Google Fiber is in and almost everything ran smoothly. We opted to forgo the TV portion and only run with Internet.
Then only thing that didn't work was the wireless connection to our Smart TV... No big deal. I just needed to run a cable to the TV and we are all set.
VoIP and the ObiTalk
The ObiTalk VoIP solution was simple to do. As you may recall in my previous blog, I decided to keep my home phone number, transferred to Google Voice via a two-step process. Step 1: transfer number to a wireless carrier. Step 2: transfer from the wireless carrier to Google Voice. The interesting thing for me was when I did the porting from Xfinity to my ATTGo phone. I was up front with the people that helped me and I let them know that I would only be a customer for a few days and that I needed their expertise to keep our beloved home phone number. It took all of 3 days to get the phone transferred totally to Google Voice. I was frustrated the day I initially set up the ObiTalk due to a faulty phone I was using to test the clarity of the tone. I will have to go back and re-route the phone lines this weekend and get everything working as intended.
The Google Fiber Box
The one frustration I have with the box they installed was the wireless capability. I would have expected to see 802.11ac as the standard however it isn't. They use 802.11n which is older than I expected. I will probably invest in an additional wireless router that is capable of 802.11ac since my MacBook Pro uses (and does not have a dedicated Ethernet port). Also, the actual router only has 4 ports on the back side which seemed limiting to me. If the best way to fully access the gig speeds was to be wired, why not have 6-8 ports? Maybe most people only need 3-4 ports.

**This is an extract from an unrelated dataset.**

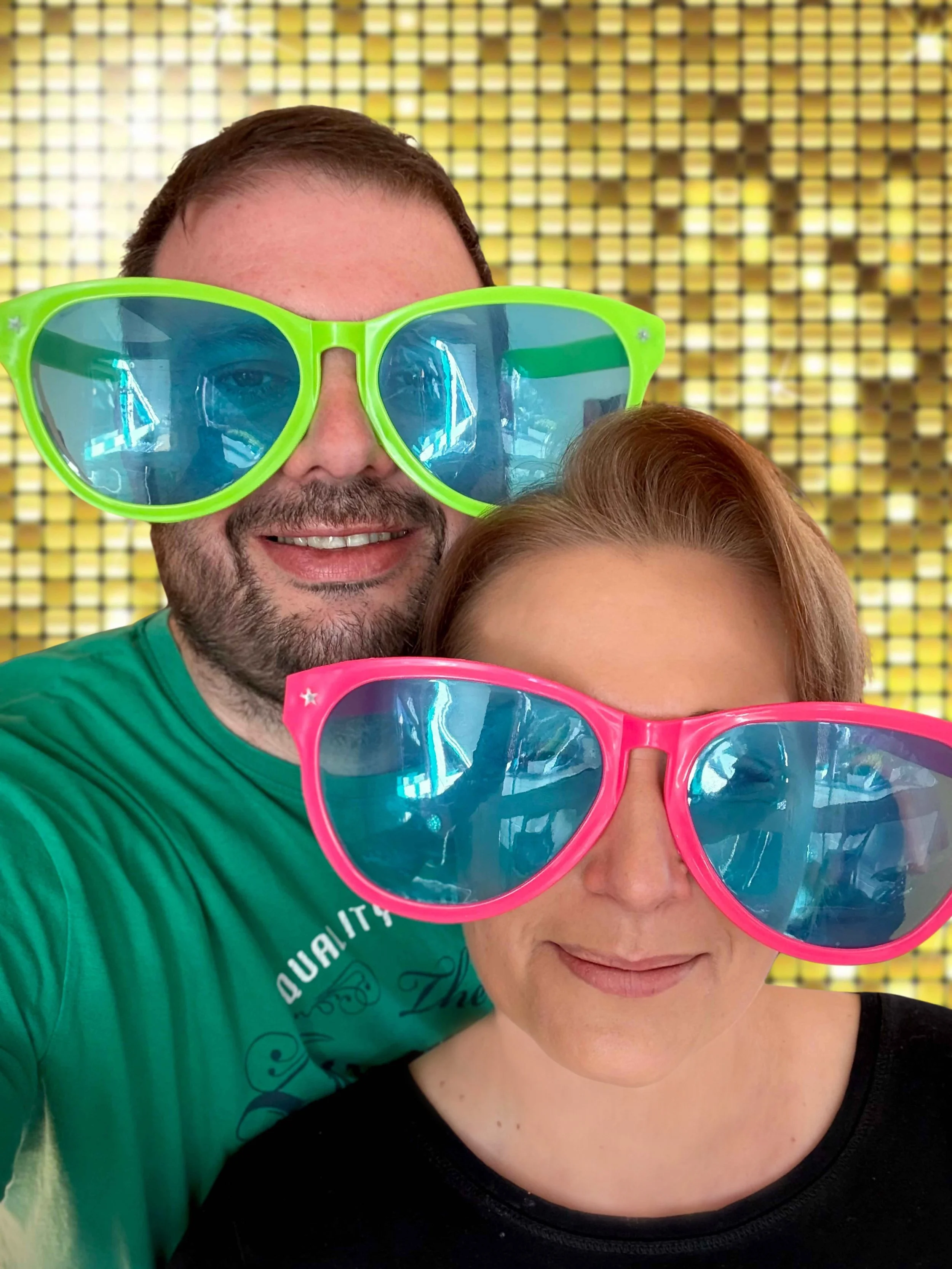 Das Fotobox Bad Driburg Team, mit bunter Sonnenbrillen und posieren vor einem goldenen, pixelartigen Hintergrund.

I am installing an Ethernet switch to send wired signals to places like my home office, the main TV, main receiver and to the AirPort Base Station. that switch will help me distribute the load and get around the 4 ports on the back of the box.
If you are looking for a way to save yourself $30-$40 bucks a month on a phone that everyone else seems to have ditched years ago, I would look into the ObiTalk. If you have kids and ever want to have a babysitter, it is nice to have that home phone in the event that they need to call someone... You don't have to rely on the sitter having their own phone. If you've had that number for longer than you can remember and have given it out to scores of people (like we've done) it just makes sense to move the phone to ObiTalk. I do pay fee for the year ($15 a year) for e-911 service which I feel is important. I should have done this years ago. I am in the telephony industry and when we switched to cable for our Internet needs, I should have taken control of my phone needs myself and not left it in the hands of the cable company. They didn't do a bad job with it; I just paid an additional $1,000 to the cable company over the past 3 years for something that I could have done myself.

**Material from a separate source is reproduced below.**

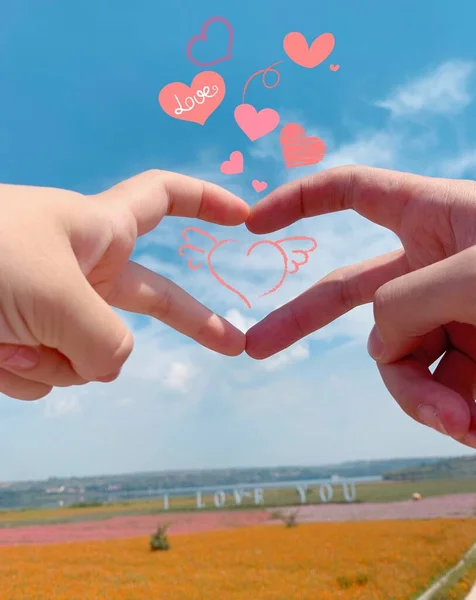 hand holding heart with love symbol on the beach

I am kicking around the idea of a battery backup for the Google Box as well as the ObiTalk. If you lose power, you lose the phone. I have cell phones so that isn't a big deal. If I lived somewhere where the weather would knock out the electricity for day upon end, I might consider a generator for the whole house.
What ideas do you have? What tests should I run on my Internet? What questions can I attempt to answer? I would say if I can figure this out, you can too! I think some people have mentioned that the VoIP takes a lot of bandwidth so if you are in an area where you have 3-5meg Internet speeds, you might want to test before you commit to being your own phone company. It was a no-brainer for me with the Gig speeds.
Let me know if I can answer any of your questions!